A IBM começou sua jornada vendendo ruidosas máquinas tabuladoras, passou o bastão focando em mainframes e computadores pessoais nos anos seguintes, e hoje fatura bilhões vendendo infraestrutura de nuvem invisível e soluções de inteligência artificial aplicada para clientes corporativos.
O formato exterior e o código mudam radicalmente.

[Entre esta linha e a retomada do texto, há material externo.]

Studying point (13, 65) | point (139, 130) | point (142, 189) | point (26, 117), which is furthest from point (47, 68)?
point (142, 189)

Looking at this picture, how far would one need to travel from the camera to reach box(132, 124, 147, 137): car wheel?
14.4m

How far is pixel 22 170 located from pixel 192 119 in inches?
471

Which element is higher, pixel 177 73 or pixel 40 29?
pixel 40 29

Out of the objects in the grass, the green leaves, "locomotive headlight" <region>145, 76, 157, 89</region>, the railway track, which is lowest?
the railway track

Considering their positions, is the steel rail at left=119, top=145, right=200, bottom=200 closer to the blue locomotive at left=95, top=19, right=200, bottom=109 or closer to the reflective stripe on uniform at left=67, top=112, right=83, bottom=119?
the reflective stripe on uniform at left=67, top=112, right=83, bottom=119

Mas a capacidade de resolver problemas matemáticos, organizacionais e de processamento de dados complexos das grandes corporações (o seu verdadeiro Benefício Central inegociável) continua rigorosamente o mesmo desde a sua fundação.
Conclusão: O Produto Como Um Veículo de Valor (E Nada Mais)
Se há uma grande e definitiva lição que devemos extrair da espessa literatura acadêmica de Marketing e aplicar sem dó no planejamento tático das nossas empresas, é que o produto final é, quando analisado friamente no final do dia, apenas um veículo de transporte.
Ele é única e exclusivamente um mecanismo de engenharia e design estruturado para entregar valor real, criar experiências memoráveis, facilitar progressos fundamentais e eliminar de forma cabal a dor de quem toma a decisão de compra. Um produto de tecnologia, por mais avançado que seja, não é um monumento a ser admirado internamente pelas pessoas que o construíram.
Essa perspectiva acadêmica conectada ao pragmatismo de rua é, simultaneamente, profundamente desconfortável e maravilhosamente libertadora.
É desconfortável porque força tirar o ego dos criadores técnicos da sala de reuniões.
Obriga a organização a engolir a dura realidade de que o mercado, na sua maioria esmagadora, não dá a mínima para a elegância refinada do seu código, para a complexidade da sua arquitetura serverless ou para os troféus de design conquistados pela agência no último festival.
Mas é tremendamente libertadora porque, ao arrancar as ilusões, ela coloca o foco da organização inteira no único lugar e métrica que realmente importa, garante a sobrevivência e gera receita contínua: o sucesso incontestável do seu cliente ao tentar concluir uma tarefa difícil e fazer progresso na própria vida ou operação.
Da próxima vez que você e seu C-level sentarem para planejar a estratégia trimestral, e a pergunta “o que exatamente é o nosso produto e como vamos vendê-lo melhor?” surgir na mesa, tente, com todas as forças, segurar aquela resposta automática da engenharia ou do comercial que passa minutos listando funcionalidades de software ou comparando especificações na tela de um projetor.
Dê um passo atrás. Respire. Olhe pelo prisma do mercado. Comece a resposta listando impiedosamente qual problema fundamental vocês tiram da frente de quem assina o cheque.
Descreva como é a oferta completa que envolve a sua empresa. E passe a enxergar, de uma vez por todas, que cada uma das suas features geniais são apenas, e nada mais, do que o detalhe técnico que suporta a implementação da sua real promessa de valor.